When people say they want to become food writers, one of the things I say never eat the same
meal twice. Make that extra effort to go to that new place or to try to cook something
else rather than like you know your old standby because it's really about exploring and experiencing
and that's the only way you kind of become knowledgeable. Yeah.
>>female #3: Hi. I loved your chapter in Cooking for Mr. Latte on dining alone. And I'm wondering
now that you're married and I think have a child, do you still find time to do that and
if so what are your new, I guess, go to spots for dining alone because you can't do that
in every restaurant.
>>Amanda: Oh, I haven't done it in so long. Wow. You say you can't do it in restaurants.
>>female #:3 No, no -- you can. . But I think there's certain restaurants that lend themselves
better to going and just having a nice meal alone.
>>Amanda: Well, the thing I feel about New York is a lot of restaurants have nice bars
you can eat at. That's really nice. I mean, one of my favorite spots, you know, and I
think I even mention -- I mean, I do love Craft -- like their bars as a great bar for
eating at. You know where I would go, Maialino because they have a really nice bar and a
nice menu and you have this view and it's I feel like it's the kind of place where you
wouldn't feel self-conscious.
>>female #3: I love that place so good recommendation.
>>Amanda: Oh, okay I'm sorry. Wish I could give you a secret new spot.
>>female #3: No, that's okay. Thanks [laughter]
>>Amanda: Yeah, thanks for having me.
>>Presenter: You're back.
>>male #1: I actually have kind of a follow up question about go to places. Being a New
Yorker who doesn't have a backyard that I could grow anything, where do you go locally
for meats or where do you shop basically.

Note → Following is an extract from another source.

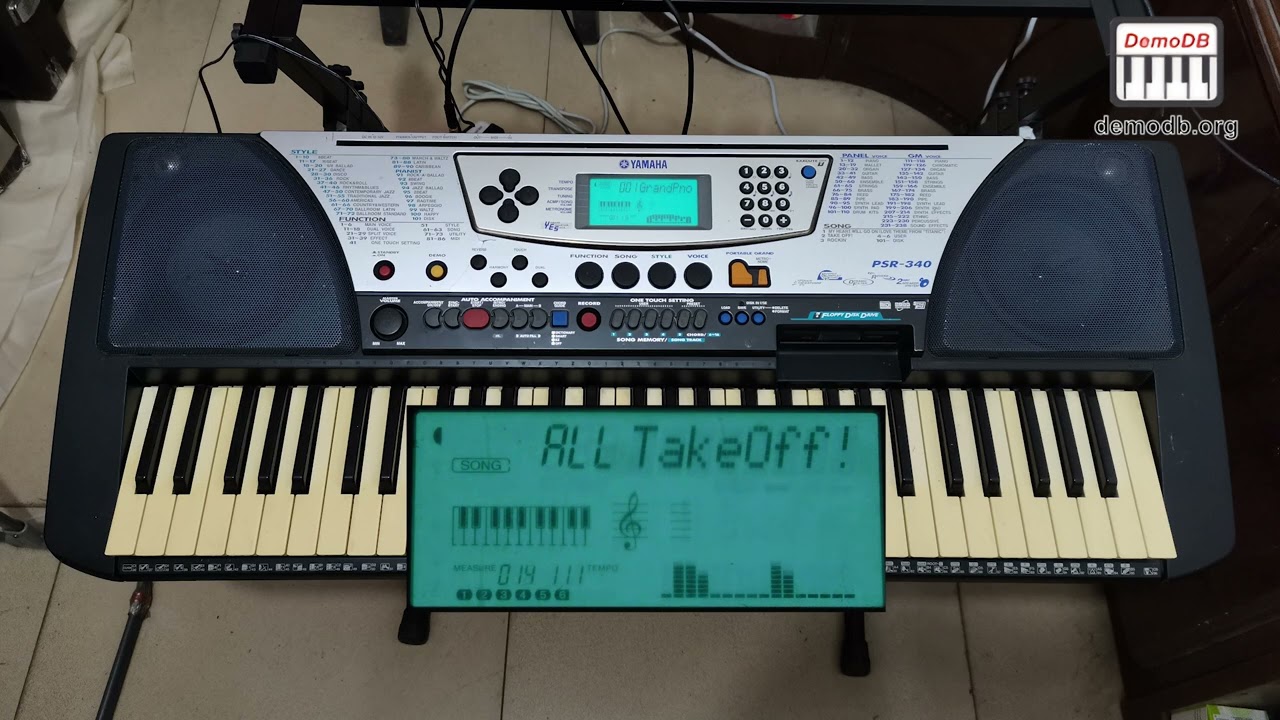 Yamaha PSR-340 Demo Songs - YouTube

>>Amanda: Well, I have this terrible experience last weekend. Which was I live in Brooklyn
Heights and on Cadman Plaza, there is a farmers' market on the weekends. During the week, too,
but I'm never there then. Lie, I showed up last weekend. It's like a family ritual. We
take our kids. They run around; I shop blah, blah, blah. They'd wiped out like half of
the vendors. And it just, I guess, the community can't support it but that's where I would
get. There was a great fish guy vegetables, blah, blah, blah. But grocery shopping in
Brooklyn Heights is not exciting otherwise. I just tend to like, you know, I might go
to Whole Foods. I might go to Union Market. You know, FreshDirect. Food 52, we kind of
rely on FreshDirect like a lot. Yeah, I know those delivery guys well. Yeah.

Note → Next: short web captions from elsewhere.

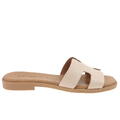 skórzane buty B053LEBEOBK110 Venezia klapki damskie Venezia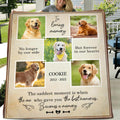 Personalized Photo In Loving Memory Pet Fleece Blanket/Quilt - Memorial Gift Idea For Dog/Cat Lover - No Longer By Our Side But Forever In Our Hearts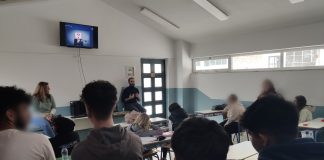 Στο 5ο ΓΕ.Λ. Καβάλας: Έγινε ομιλία για τα προγράμματα κινητικότητας, τις ευρωεκλογές και τις δυνατότητες σπουδών στην Ε.Ε.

[laughter] >>Presenter: Any other questions? Great, well
thank you so much. >>male #4: I have a question
>>Oh, sorry.
>>male #4: Yeah, sorry about that. So, you actually make recipes submitted from people
on the Internet. What are some of the recipes that have totally missed the mark, like they
sounded great from the ingredients and the steps when you actually made them they didn't
turn out as good as you thought it would. >>Presenter: Mmmmm, that's a good question.

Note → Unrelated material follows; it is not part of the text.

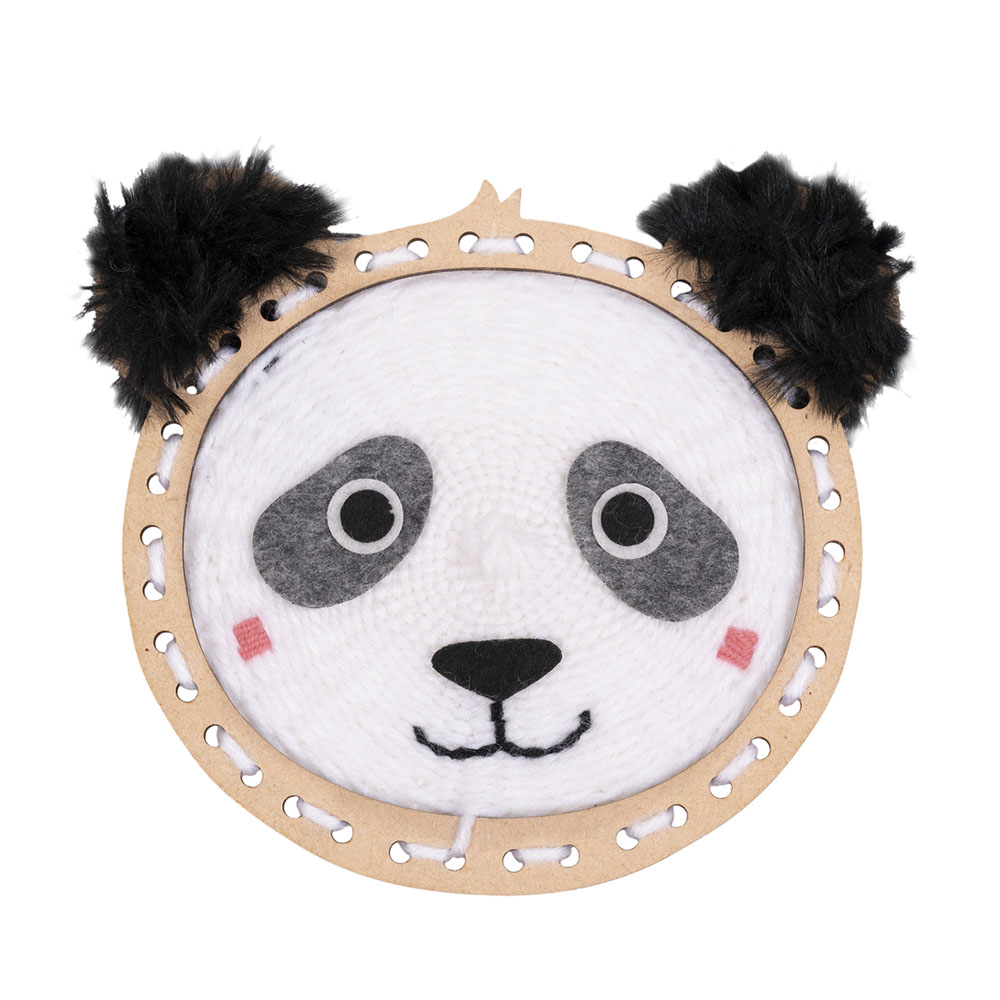 DMC Kids kit Weaving kit Pasha the Panda 13.6x15.2cm - 1pc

>>Amanda: It happens all the time. It's very funny because when we were -- I did this book
called the Essential New York Times Cookbook. It was like recipes from the entire New York
Times archive which is 150 years. And there was one recipe actually of mine we were thinking
of putting it in. I was like, ah, you know I haven't made that in a while; let's make
it. And it was so terrible. It's like everybody does it. Every week, we find obviously we
find clunkers. But you know we've read, I mean, thousands of recipes at this point so
we're kind of better at like knowing like pushing aside the clunkers right away. But
for the most part they're -- recipes tend to be clunkers only because people are not
-- especially on our site, only because they're not professional recipe writers and they forget
to put a key detail in. They forget to tell you to add water to a soup or whatever it
is. You know? So it tends to be stuff like that. But we don't change recipes. We won't
improve your recipe. So if it's bad, it's going to stay bad.
>>male #4: A little bit more butter, little bit more salt.
>>Amanda: Yeah, we let the commenters do that. But we ask them to be civil.
>>male #4: Does one recipe stick out in your mind as a real clunker.
>>Amanda: Not a single one. Sorry. Yeah yeah yeah.
>>Presenter: Great. Well thank you so much for your time, Amanda. That was great.
>>Amanda: Thank you so much for having me.